##### Material provided

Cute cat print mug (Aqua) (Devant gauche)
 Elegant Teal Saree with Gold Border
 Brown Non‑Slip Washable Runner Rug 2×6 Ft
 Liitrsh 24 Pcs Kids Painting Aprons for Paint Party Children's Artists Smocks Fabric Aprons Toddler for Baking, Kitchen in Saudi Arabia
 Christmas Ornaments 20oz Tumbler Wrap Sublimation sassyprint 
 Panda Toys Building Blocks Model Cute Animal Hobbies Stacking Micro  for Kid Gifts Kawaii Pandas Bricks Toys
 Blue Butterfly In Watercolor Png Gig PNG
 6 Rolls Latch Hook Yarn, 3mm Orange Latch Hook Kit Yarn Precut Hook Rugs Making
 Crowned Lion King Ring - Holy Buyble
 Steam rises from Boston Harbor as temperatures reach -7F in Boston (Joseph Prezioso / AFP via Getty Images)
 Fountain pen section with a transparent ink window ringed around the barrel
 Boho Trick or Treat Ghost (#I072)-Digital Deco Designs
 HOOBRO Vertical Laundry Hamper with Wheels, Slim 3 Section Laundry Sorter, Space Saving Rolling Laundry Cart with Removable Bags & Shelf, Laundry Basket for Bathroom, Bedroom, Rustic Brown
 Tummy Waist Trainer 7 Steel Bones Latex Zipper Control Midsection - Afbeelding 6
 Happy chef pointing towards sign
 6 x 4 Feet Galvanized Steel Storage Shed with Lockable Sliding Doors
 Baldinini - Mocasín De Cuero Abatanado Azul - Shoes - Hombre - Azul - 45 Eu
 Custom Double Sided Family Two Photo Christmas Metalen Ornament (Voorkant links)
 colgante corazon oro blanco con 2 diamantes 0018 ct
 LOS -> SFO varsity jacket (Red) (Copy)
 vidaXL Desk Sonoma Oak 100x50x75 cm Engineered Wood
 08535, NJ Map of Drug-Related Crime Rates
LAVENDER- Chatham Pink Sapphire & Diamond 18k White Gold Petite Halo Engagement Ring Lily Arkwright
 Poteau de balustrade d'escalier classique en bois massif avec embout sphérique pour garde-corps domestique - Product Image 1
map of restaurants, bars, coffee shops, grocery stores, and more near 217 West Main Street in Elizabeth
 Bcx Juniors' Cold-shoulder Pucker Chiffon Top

##########

> **Your objective**:
Transcribe each line of the material without any alteration.

> **Solution for this task**:
Cute cat print mug (Aqua) (Devant gauche)
 Elegant Teal Saree with Gold Border
 Brown Non‑Slip Washable Runner Rug 2×6 Ft
 Liitrsh 24 Pcs Kids Painting Aprons for Paint Party Children's Artists Smocks Fabric Aprons Toddler for Baking, Kitchen in Saudi Arabia
 Christmas Ornaments 20oz Tumbler Wrap Sublimation sassyprint 
 Panda Toys Building Blocks Model Cute Animal Hobbies Stacking Micro  for Kid Gifts Kawaii Pandas Bricks Toys
 Blue Butterfly In Watercolor Png Gig PNG
 6 Rolls Latch Hook Yarn, 3mm Orange Latch Hook Kit Yarn Precut Hook Rugs Making
 Crowned Lion King Ring - Holy Buyble
 Steam rises from Boston Harbor as temperatures reach -7F in Boston (Joseph Prezioso / AFP via Getty Images)
 Fountain pen section with a transparent ink window ringed around the barrel
 Boho Trick or Treat Ghost (#I072)-Digital Deco Designs
 HOOBRO Vertical Laundry Hamper with Wheels, Slim 3 Section Laundry Sorter, Space Saving Rolling Laundry Cart with Removable Bags & Shelf, Laundry Basket for Bathroom, Bedroom, Rustic Brown
 Tummy Waist Trainer 7 Steel Bones Latex Zipper Control Midsection - Afbeelding 6
 Happy chef pointing towards sign
 6 x 4 Feet Galvanized Steel Storage Shed with Lockable Sliding Doors
 Baldinini - Mocasín De Cuero Abatanado Azul - Shoes - Hombre - Azul - 45 Eu
 Custom Double Sided Family Two Photo Christmas Metalen Ornament (Voorkant links)
 colgante corazon oro blanco con 2 diamantes 0018 ct
 LOS -> SFO varsity jacket (Red) (Copy)
 vidaXL Desk Sonoma Oak 100x50x75 cm Engineered Wood
 08535, NJ Map of Drug-Related Crime Rates
LAVENDER- Chatham Pink Sapphire & Diamond 18k White Gold Petite Halo Engagement Ring Lily Arkwright
 Poteau de balustrade d'escalier classique en bois massif avec embout sphérique pour garde-corps domestique - Product Image 1
map of restaurants, bars, coffee shops, grocery stores, and more near 217 West Main Street in Elizabeth
 Bcx Juniors' Cold-shoulder Pucker Chiffon Top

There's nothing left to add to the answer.